NW Mailing List nw-mailing-list at
Wed Jul 5 08:14:37 EDT 2017

Where was the original Southern crossing over the James River you ask?

That one is E Z.

It was a short distance downriver from the present much higher bridge. The
original line crossed under the new line and the went down to near river
level before crossing. I have copies of maps and suspect the society might
have them as well. I think one may have been reproduced for the last N&W
society convention in Lynchburg. Might even have been in the society's
Arrow magazine which had the big Percival's Island story close to 15 years

Let's remember that the bridge went out of service on October 1, 1931 when
the last Southern trains using the Union Depot, #135 & #136 were shifted up
to the current Southern station, Kemper. Kemper opened in 1912, the new
line began operations a year earlier and the 2 lines were operated
simultaneously for 19 years. Trains going to one station did NOT stop at
the other as that would have entailed a backup maneuver after pulling the
hard grade out of the river bottom region, not to mention a bunch of other
operational issues.

Bob Cohen

Where was the original Southern bridge at that crossed the James River? ?I
haven't found a map yet that tells me where the original bridge was at.
-Evan Miller
      From: NW Mailing List <nw-mailing-list at>
 To: nw-mailing-list at
 Sent: Monday, July 3, 2017 9:27 AM
 Subject: Where was the "other" depot down along the James River?
"In 1911 I think it was, Southern built their new line, then called a
"beltline" much as we see it today thru Lynchburg, but they kept using the
old line down at river level until October 1931 (I have that date
confirmed), when the last 2 passenger trains were eliminated from that
route.
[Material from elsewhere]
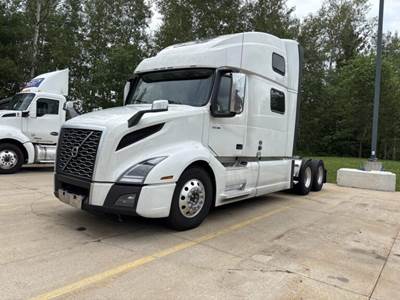 Volvo VNL64T860 Sleeper Semi Truck - 77" Raised Roof Sleeper, D13 500HP, 12 Speed Automatic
At that time, the old line was placed out of service and sat unused.
I read somewhere that the old iron bridge crossing the James was not
removed until WW 2 as a part of steel/iron reclamation wartime scrap
Bob Cohen

?Message: 4
 Date: Sat, 1 Jul 2017 21:37:31 -0400
 From: NW Mailing List <nw-mailing-list at>
 To: NW Mailing List <nw-mailing-list at>
 Subject: Re: Where Did V&T Meet the Southside RR in Lynchburg ?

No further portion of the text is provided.